• Data excerpt:
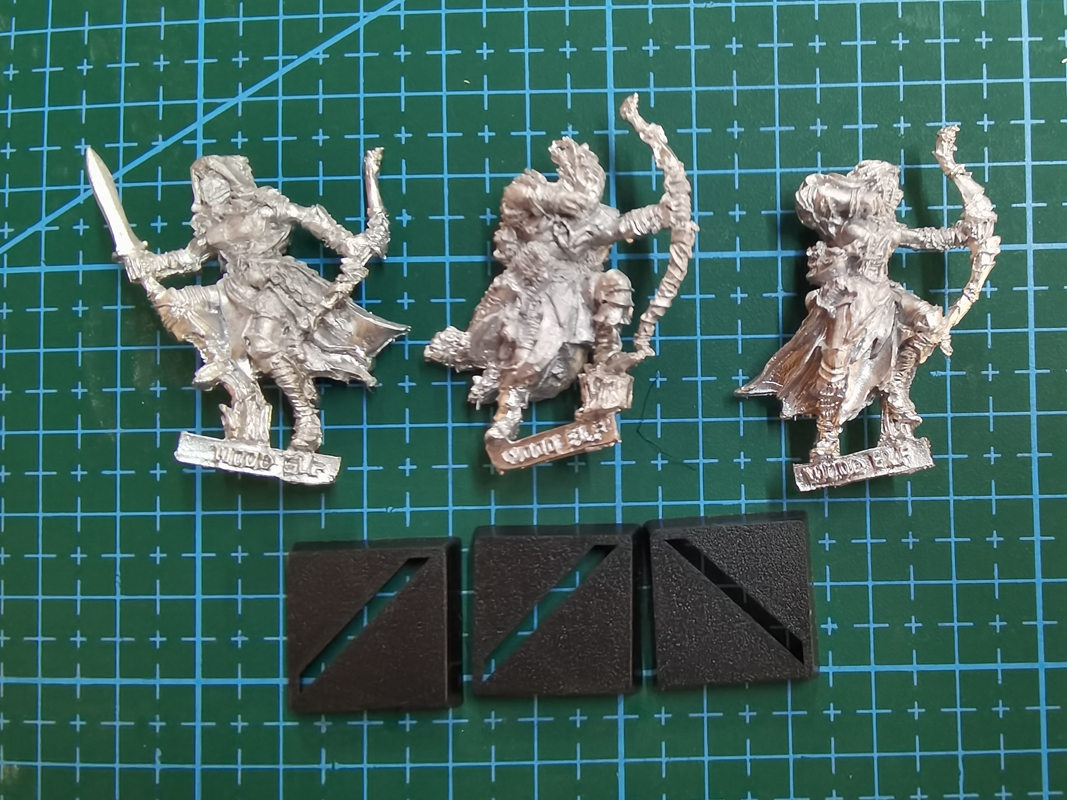 Wood Elf Realms Waywatchers - Image 2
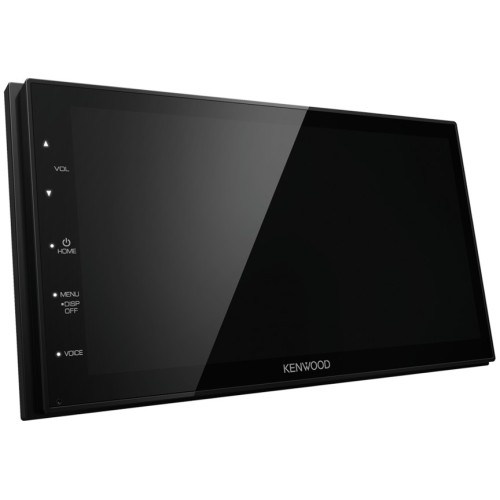 KENWOOD DMX5020BTS AUTOMOBILINĖ MULTIMEDIJA 6.8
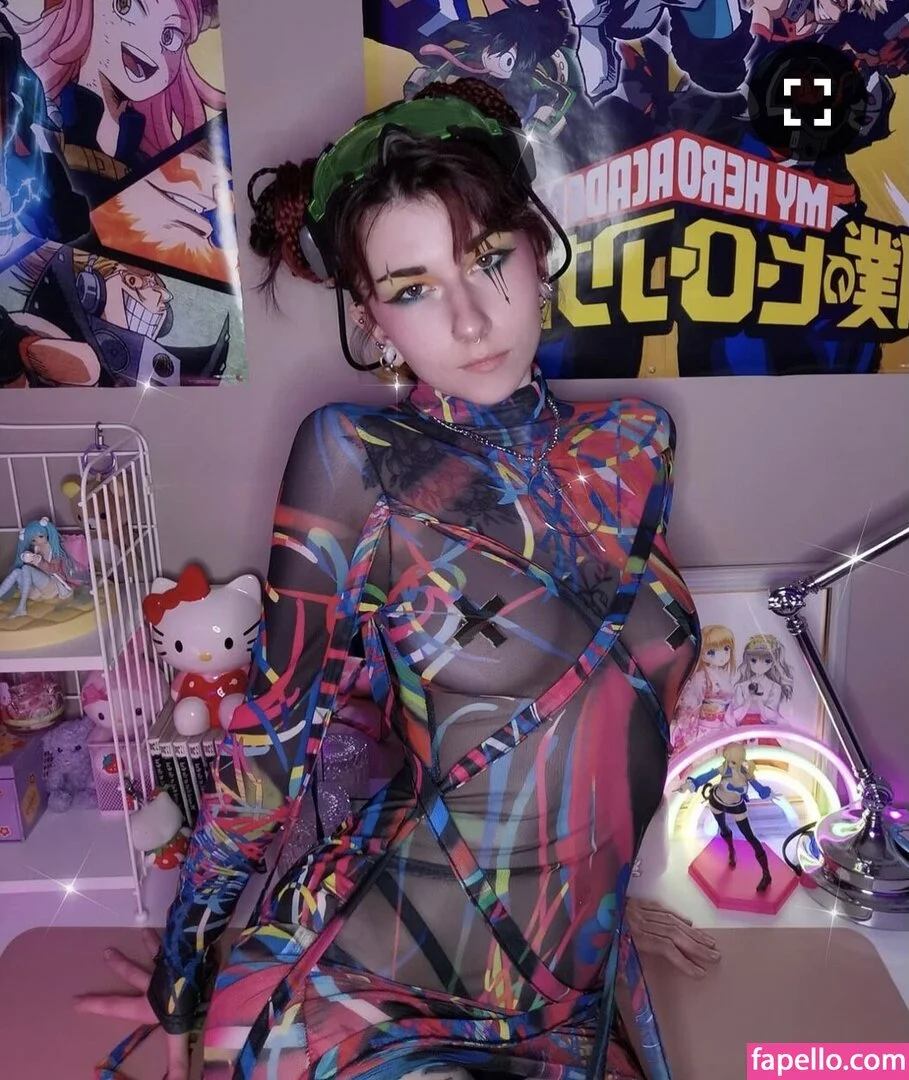 Hell_tsuki Onlyfans Photo Gallery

• Task goal: For this exercise, transcribe exactly only the lines from the one containing "KENWOOD DMX5020BTS AUTOMOBILINĖ" through the end of the listing, inclusive, without the pictures.

• Task answer:
 KENWOOD DMX5020BTS AUTOMOBILINĖ MULTIMEDIJA 6.8
 Hell_tsuki Onlyfans Photo Gallery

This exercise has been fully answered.